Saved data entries
————————

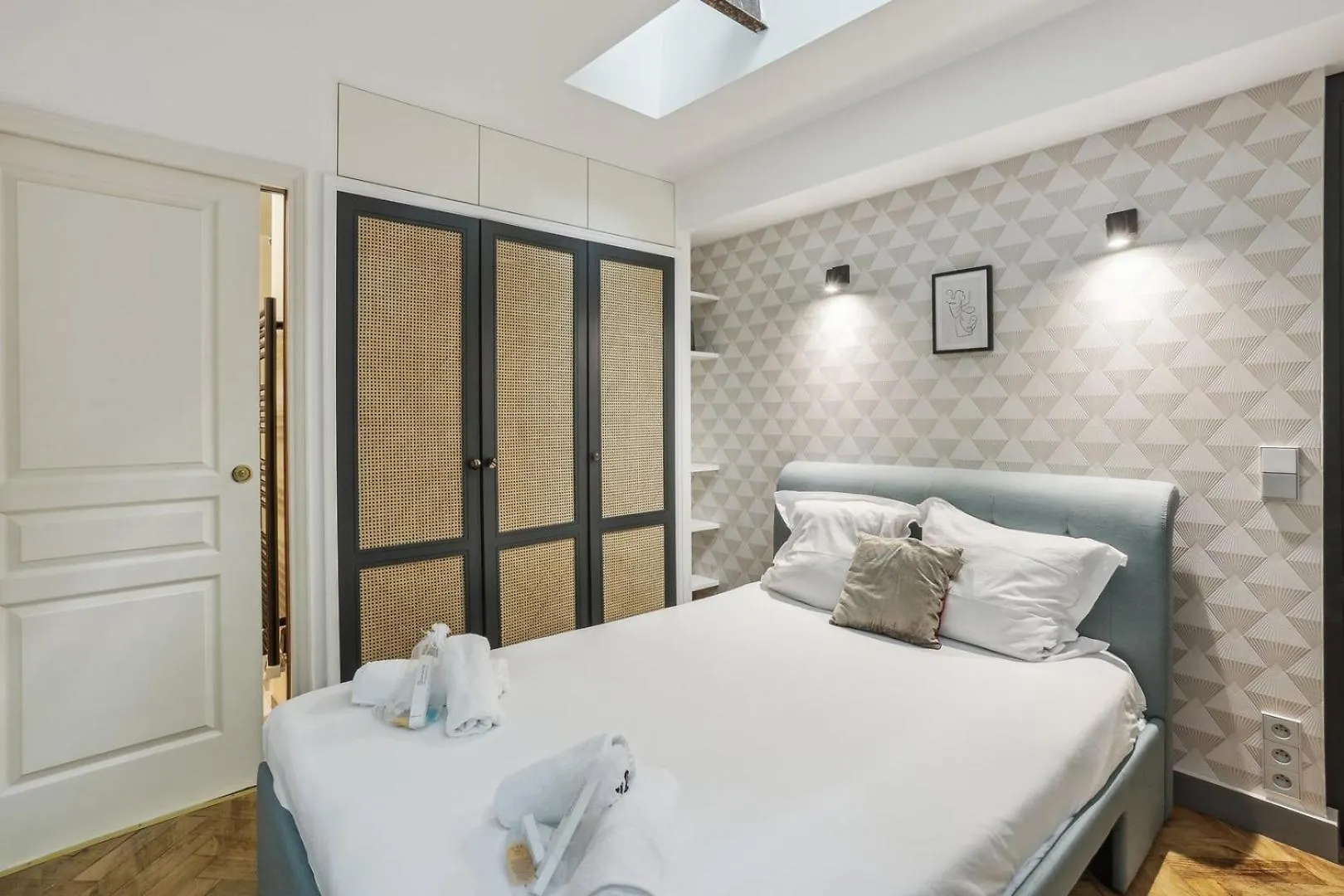 Apartment Bluestay 19 - Charmant Appartement A Paris 11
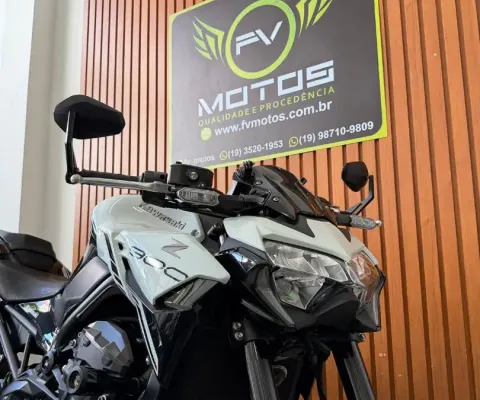 KAWASAKI Z900 BRANCA 2022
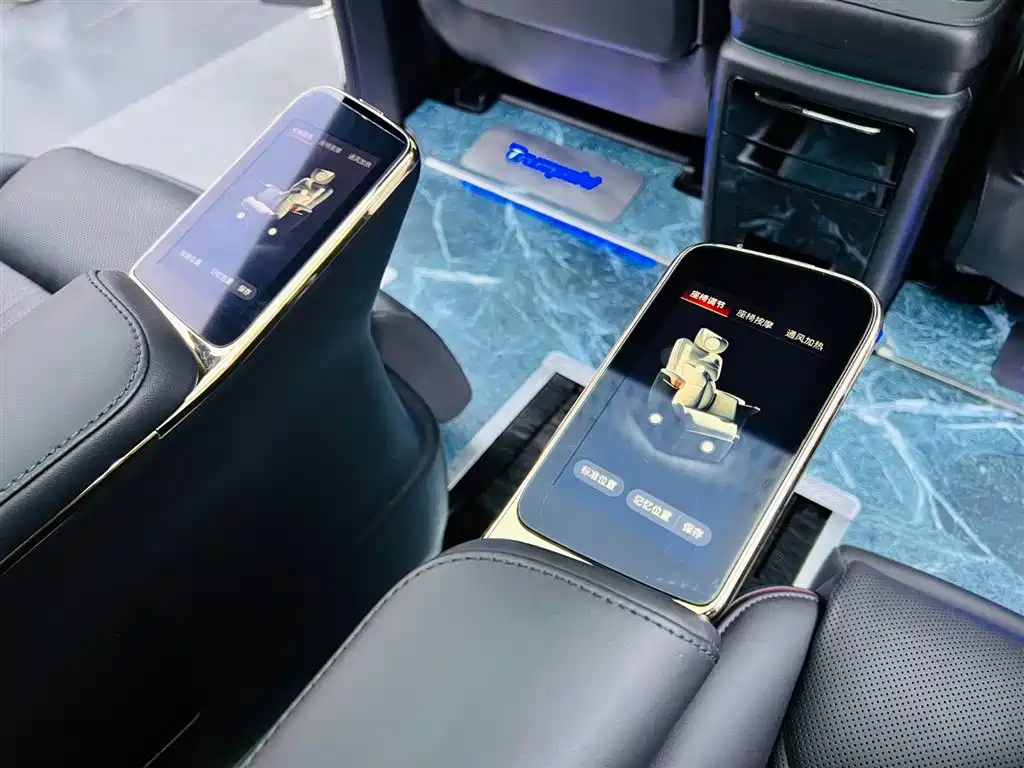 GAC Trumpchi GAC Trumpchi M8 2023 Master Series Hybrid Supreme Edition 2023 - thumbnail 16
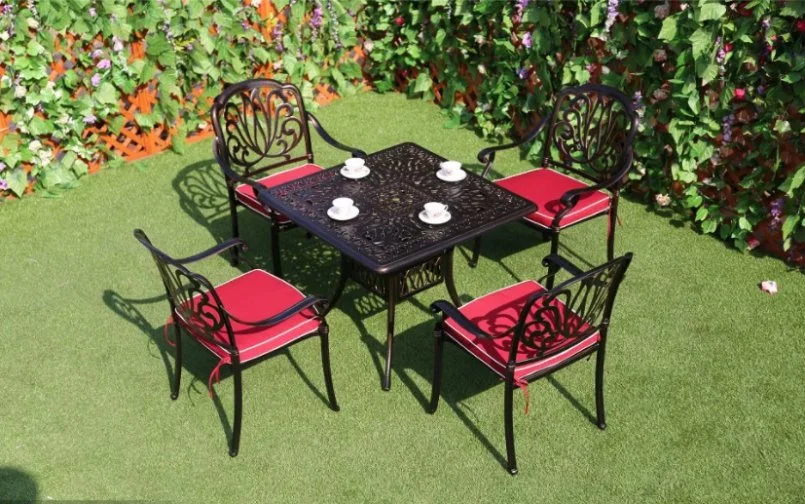 Outdoor Patio Garden New Restaurant Metal Dining Outdoor Furniture Cast Aluminum Table and Chair Set

Ensemble de table et de chaises en aluminium moulé pour mobilier de jardin extérieur, patio, nouveau restaurant.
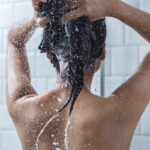 Docce tiepide di 5 minuti mantengono la pelle sana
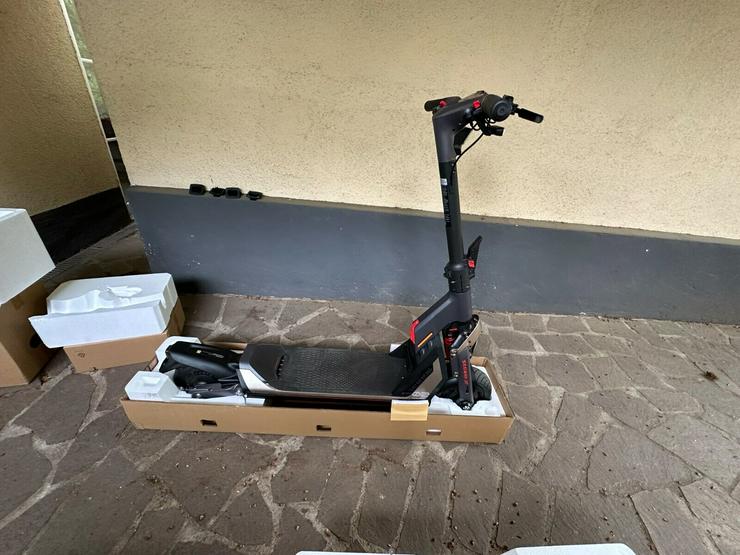 Bild 13: Segway Super E-Scooter GT2 70 km/h nur 65km wie neu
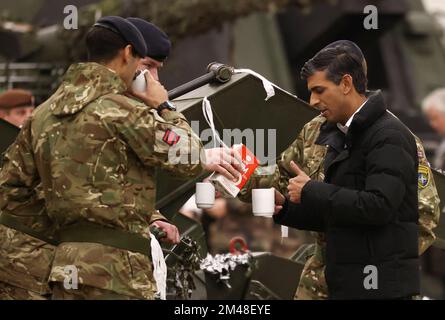 Premierminister Rishi Sunak trinkt mit Truppen auf dem Tapa-Militärstützpunkt in Tapa, Estland. Foto: Montag, 19. Dezember 2022. Stockfoto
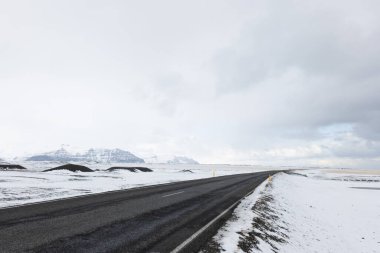 Kışın Güney İzlanda 'nın Donmuş Karlı Toprakları' nda Yol Gösterici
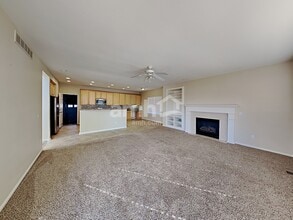 18942 E Vassar Dr in Aurora, CO - Foto de edificio - Building Photo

————————

*Task goal*:
Restate the data word for word while omitting each picture.

*Solution to the exercise*:
 Apartment Bluestay 19 - Charmant Appartement A Paris 11
 KAWASAKI Z900 BRANCA 2022
 GAC Trumpchi GAC Trumpchi M8 2023 Master Series Hybrid Supreme Edition 2023 - thumbnail 16
 Outdoor Patio Garden New Restaurant Metal Dining Outdoor Furniture Cast Aluminum Table and Chair Set

Ensemble de table et de chaises en aluminium moulé pour mobilier de jardin extérieur, patio, nouveau restaurant.
 Docce tiepide di 5 minuti mantengono la pelle sana
 Bild 13: Segway Super E-Scooter GT2 70 km/h nur 65km wie neu
 Premierminister Rishi Sunak trinkt mit Truppen auf dem Tapa-Militärstützpunkt in Tapa, Estland. Foto: Montag, 19. Dezember 2022. Stockfoto
 Kışın Güney İzlanda 'nın Donmuş Karlı Toprakları' nda Yol Gösterici
 18942 E Vassar Dr in Aurora, CO - Foto de edificio - Building Photo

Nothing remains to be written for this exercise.